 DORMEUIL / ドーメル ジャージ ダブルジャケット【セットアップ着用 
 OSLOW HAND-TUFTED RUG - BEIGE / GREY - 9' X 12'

...

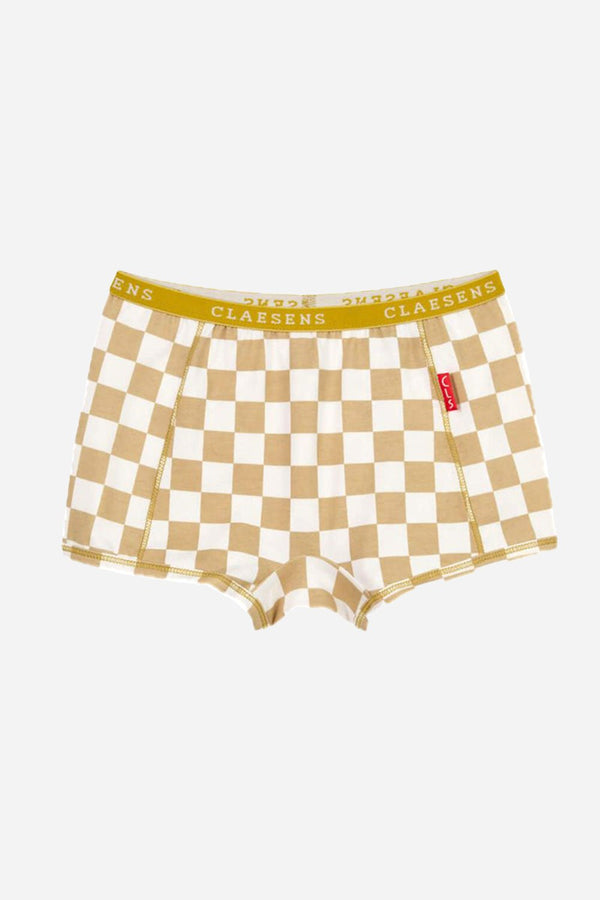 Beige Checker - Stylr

--

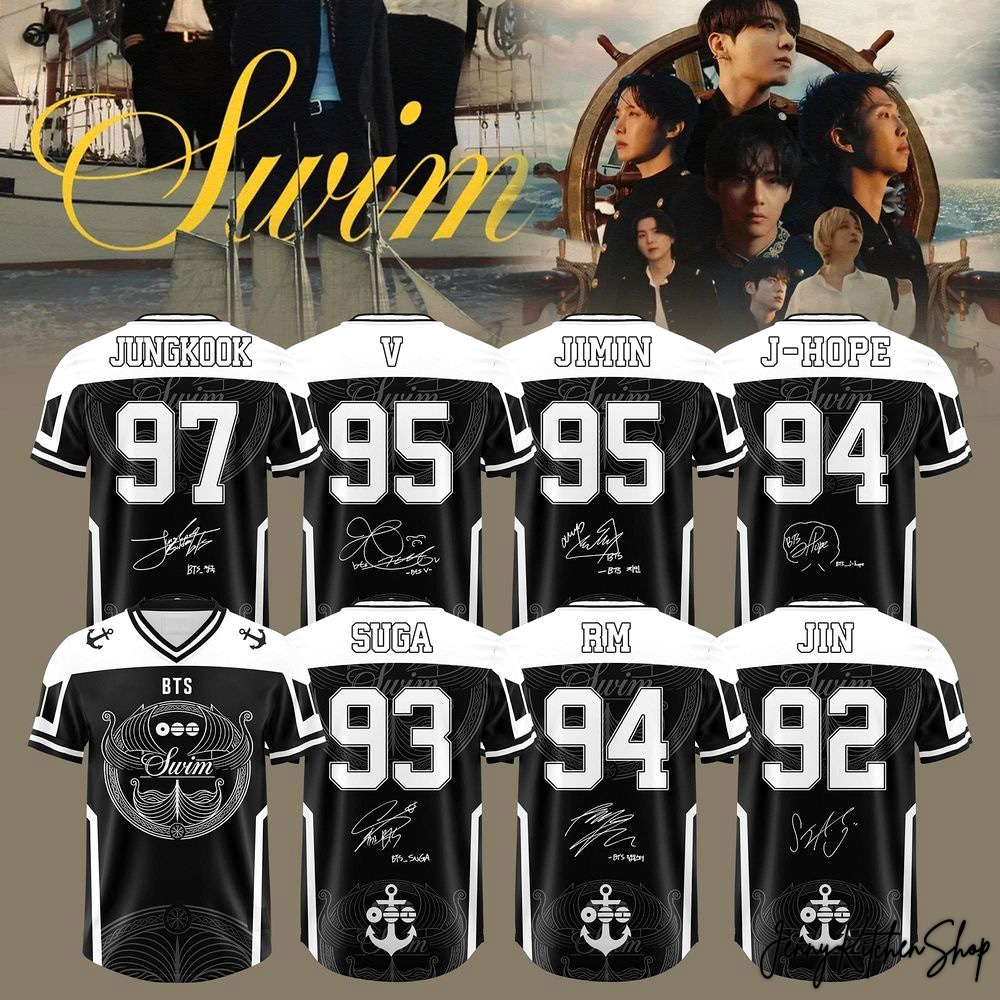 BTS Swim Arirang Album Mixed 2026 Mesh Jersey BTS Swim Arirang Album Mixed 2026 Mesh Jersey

## HOW TO COMPLETE THIS TASK
Repeat word for word the lines above that run from the line containing "DORMEUIL / ドーメル ジャージ ダブルジャケット【セットアップ着用" through the line containing "OSLOW HAND-TUFTED RUG", both ends included, and nothing else.

## RESPONSE
 DORMEUIL / ドーメル ジャージ ダブルジャケット【セットアップ着用 
 OSLOW HAND-TUFTED RUG - BEIGE / GREY - 9' X 12'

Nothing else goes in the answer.